==== Exercise input ====

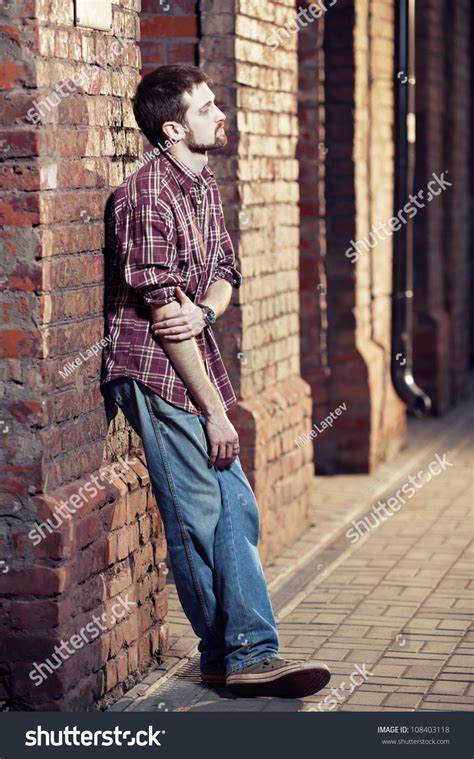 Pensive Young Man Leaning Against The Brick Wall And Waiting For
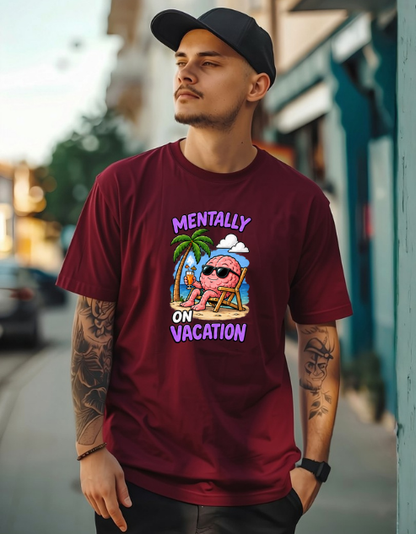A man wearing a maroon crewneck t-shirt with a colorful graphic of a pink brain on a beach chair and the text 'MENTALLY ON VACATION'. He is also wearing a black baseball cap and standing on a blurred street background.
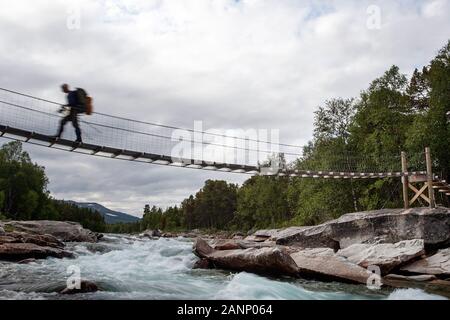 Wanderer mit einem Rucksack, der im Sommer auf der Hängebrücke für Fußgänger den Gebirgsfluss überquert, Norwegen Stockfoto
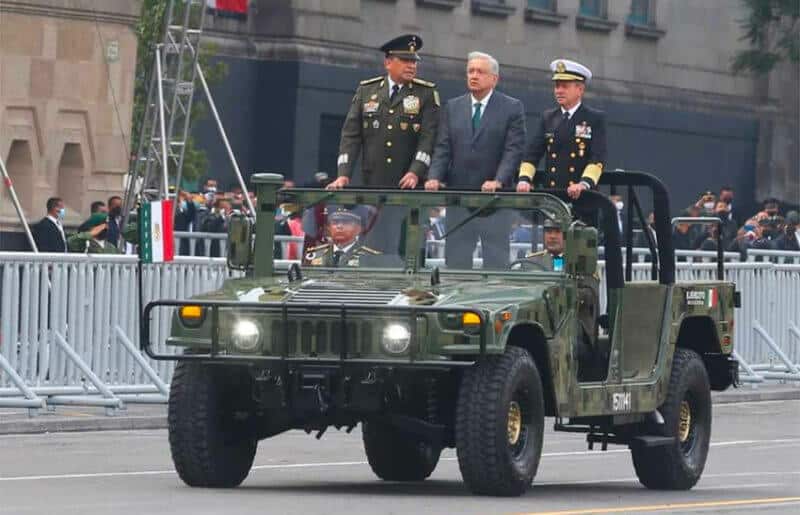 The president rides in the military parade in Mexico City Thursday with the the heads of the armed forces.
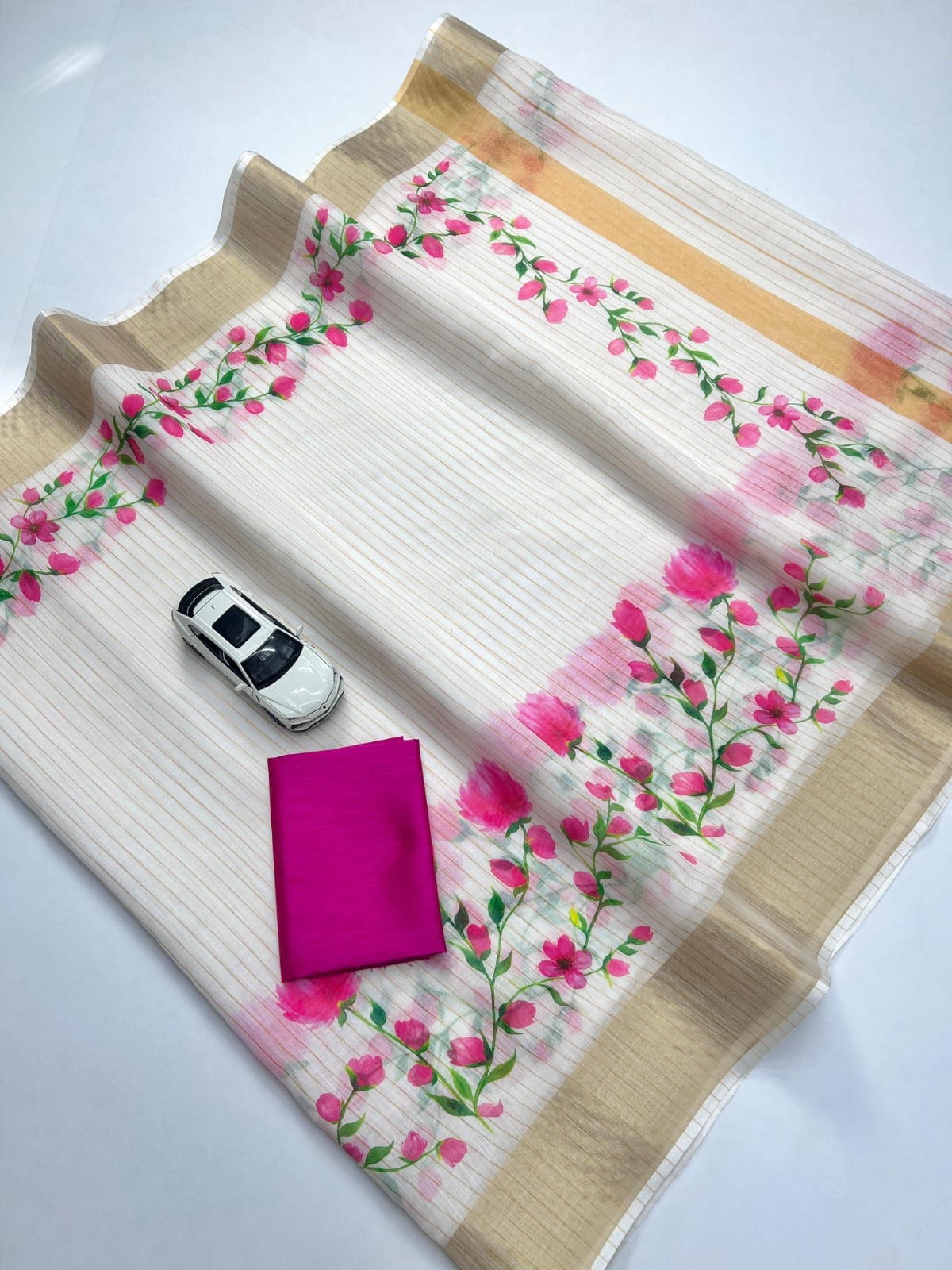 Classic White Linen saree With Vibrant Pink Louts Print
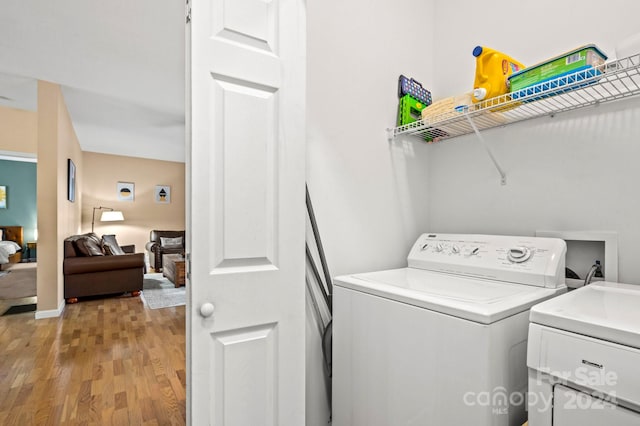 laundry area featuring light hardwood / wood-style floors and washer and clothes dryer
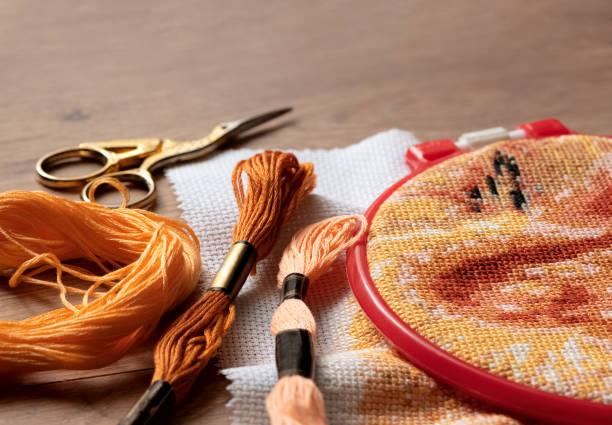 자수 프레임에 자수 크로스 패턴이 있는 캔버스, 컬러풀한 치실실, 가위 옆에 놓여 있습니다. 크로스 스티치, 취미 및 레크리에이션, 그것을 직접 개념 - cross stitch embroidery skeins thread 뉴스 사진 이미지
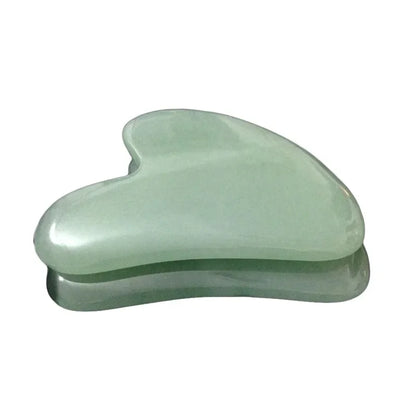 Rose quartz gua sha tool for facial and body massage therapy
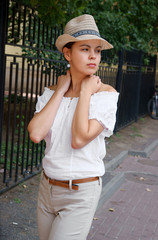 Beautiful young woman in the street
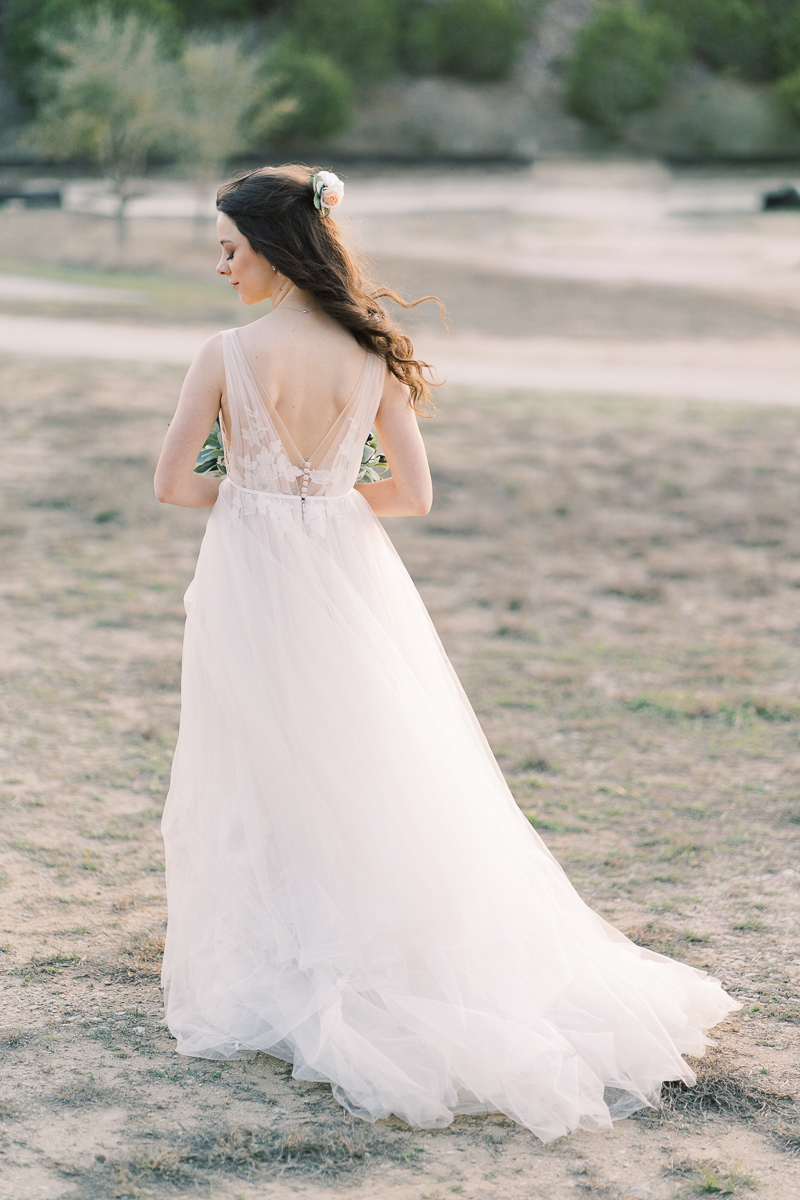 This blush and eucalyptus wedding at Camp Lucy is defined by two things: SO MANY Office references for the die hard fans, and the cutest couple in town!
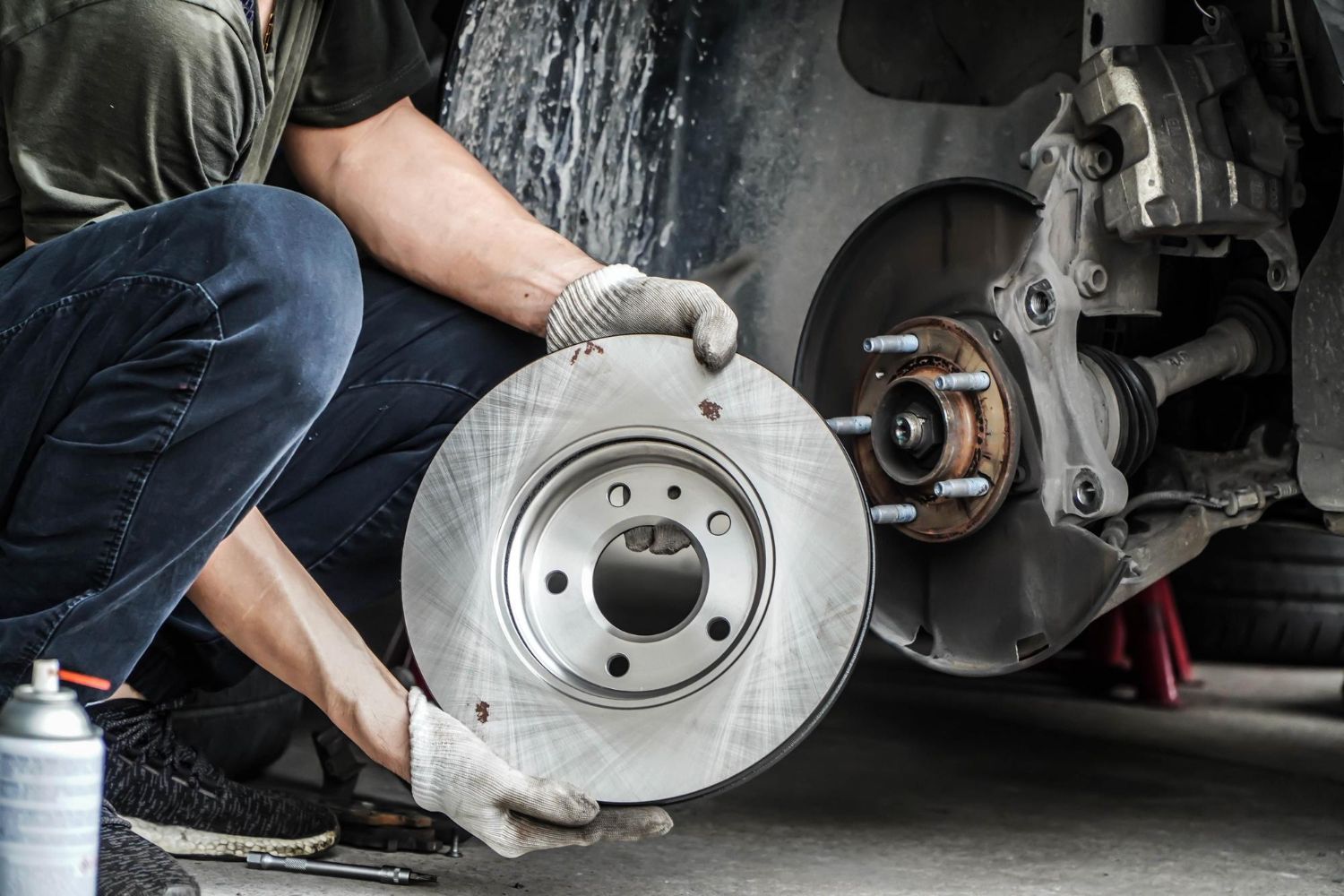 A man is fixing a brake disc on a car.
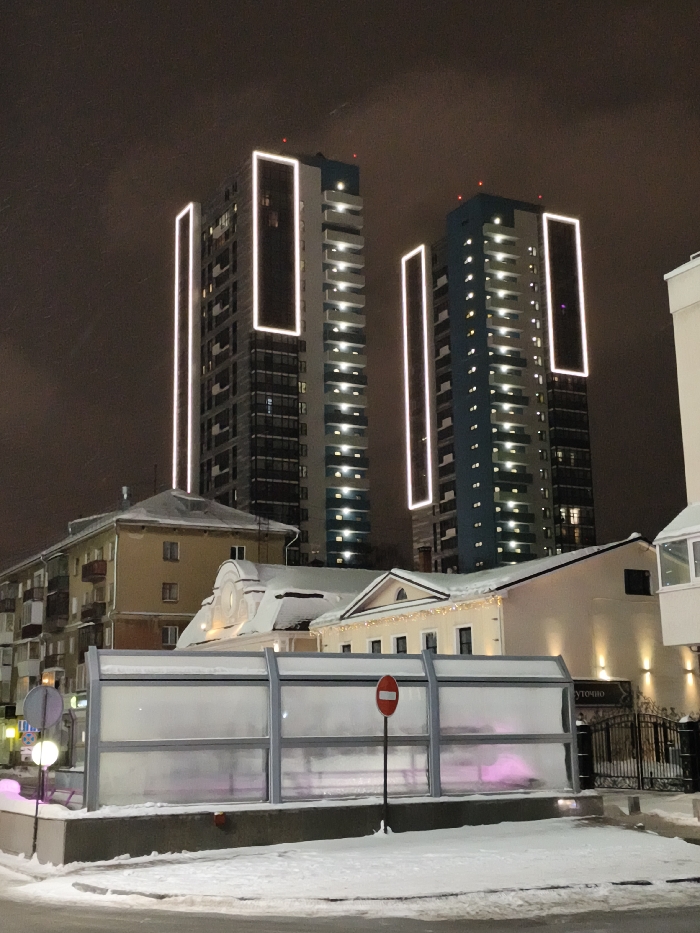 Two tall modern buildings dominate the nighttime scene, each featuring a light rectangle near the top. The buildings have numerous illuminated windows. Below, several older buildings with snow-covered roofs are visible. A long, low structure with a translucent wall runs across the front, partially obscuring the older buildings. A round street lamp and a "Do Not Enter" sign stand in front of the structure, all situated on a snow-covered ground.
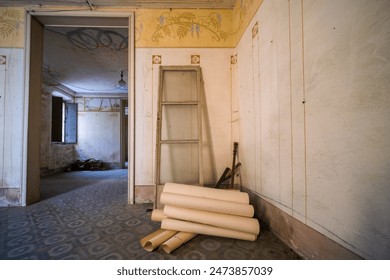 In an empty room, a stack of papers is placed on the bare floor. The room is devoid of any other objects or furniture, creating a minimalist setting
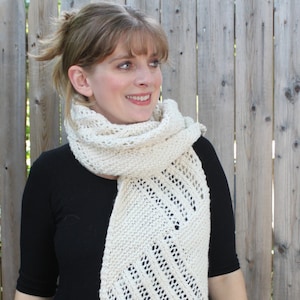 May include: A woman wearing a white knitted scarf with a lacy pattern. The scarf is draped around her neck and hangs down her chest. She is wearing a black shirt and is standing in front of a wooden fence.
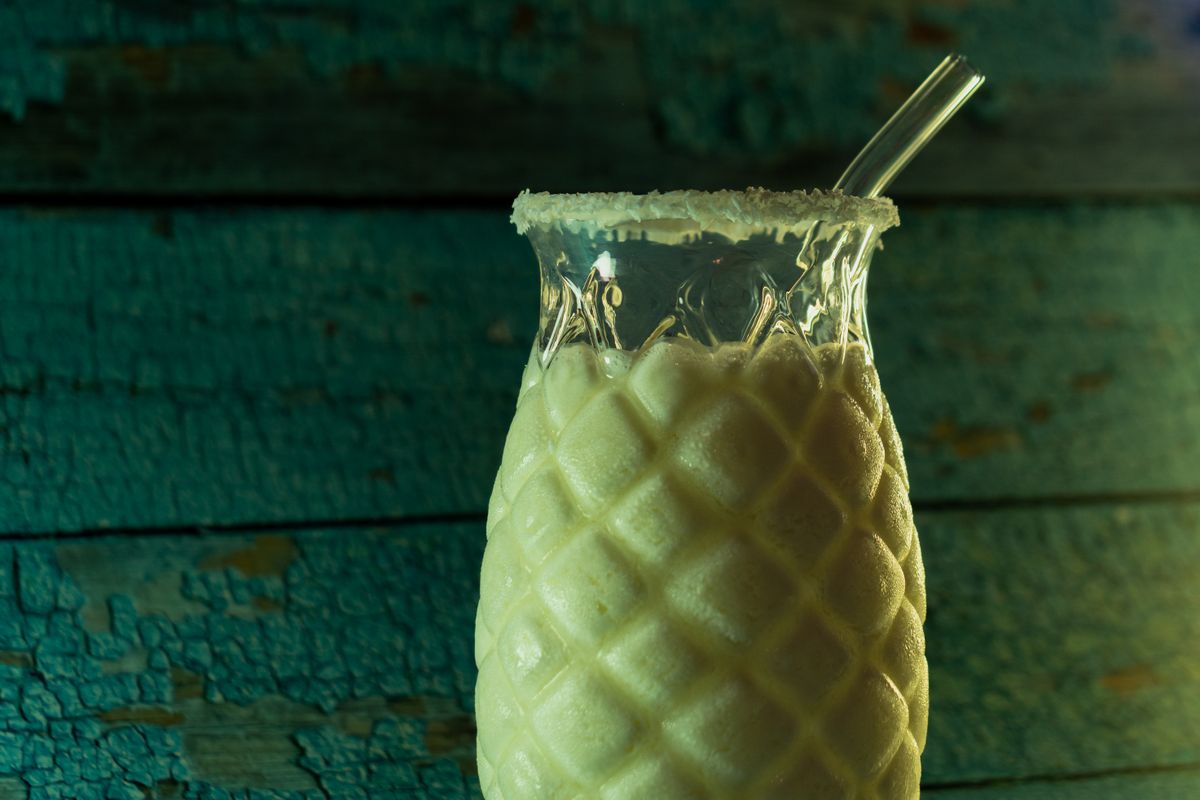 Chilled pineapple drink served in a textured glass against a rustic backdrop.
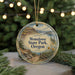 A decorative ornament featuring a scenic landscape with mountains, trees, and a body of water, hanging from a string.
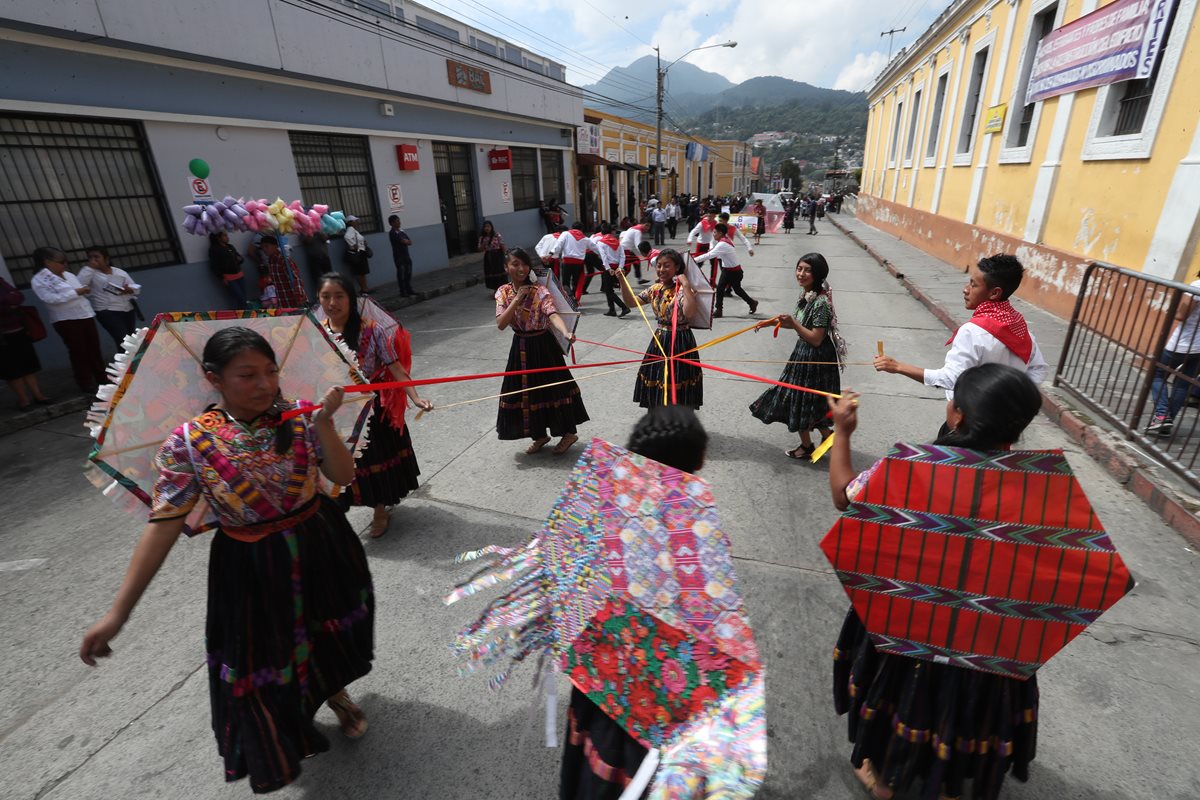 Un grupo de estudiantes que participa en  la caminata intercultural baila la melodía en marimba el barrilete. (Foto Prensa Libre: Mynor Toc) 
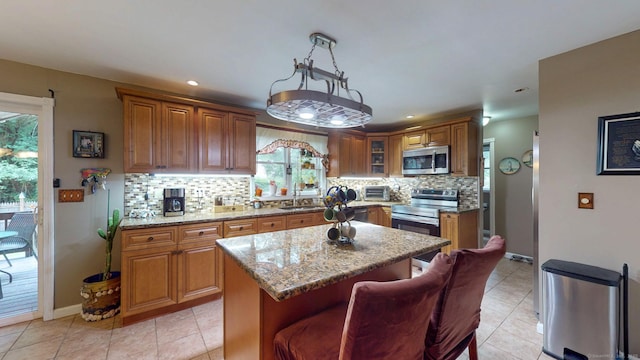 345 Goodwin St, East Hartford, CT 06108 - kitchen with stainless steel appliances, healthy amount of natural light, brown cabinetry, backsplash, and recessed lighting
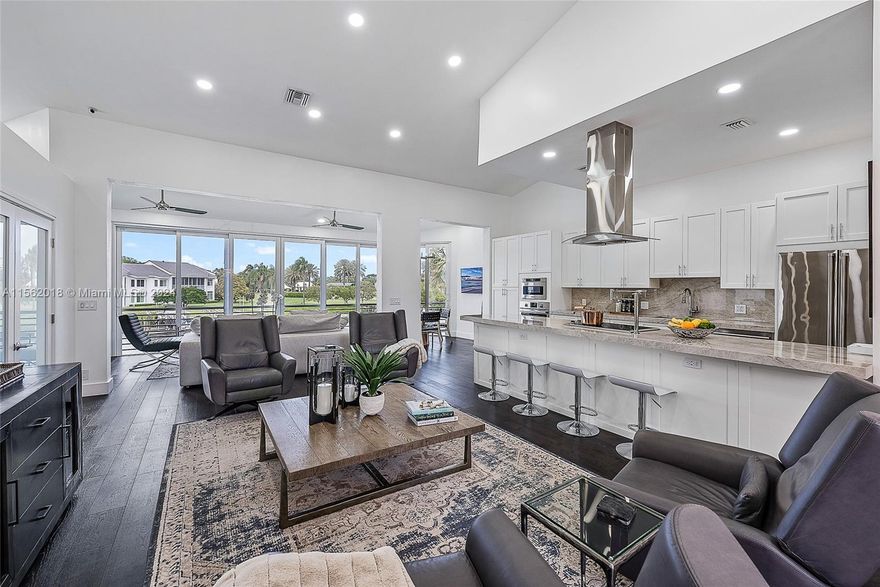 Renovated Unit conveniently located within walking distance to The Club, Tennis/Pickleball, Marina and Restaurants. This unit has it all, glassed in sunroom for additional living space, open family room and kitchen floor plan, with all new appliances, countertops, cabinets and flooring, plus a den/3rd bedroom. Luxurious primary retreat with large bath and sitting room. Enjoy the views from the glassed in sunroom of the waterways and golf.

====

▶ _Exercise instructions_
Print from the line containing "자수 프레임에 자수 크로스" through the line containing "This blush and" in the data above, exactly as the lines stand, and omit every picture.

▶ _Task output_
 자수 프레임에 자수 크로스 패턴이 있는 캔버스, 컬러풀한 치실실, 가위 옆에 놓여 있습니다. 크로스 스티치, 취미 및 레크리에이션, 그것을 직접 개념 - cross stitch embroidery skeins thread 뉴스 사진 이미지
 Rose quartz gua sha tool for facial and body massage therapy
 Beautiful young woman in the street
 This blush and eucalyptus wedding at Camp Lucy is defined by two things: SO MANY Office references for the die hard fans, and the cutest couple in town!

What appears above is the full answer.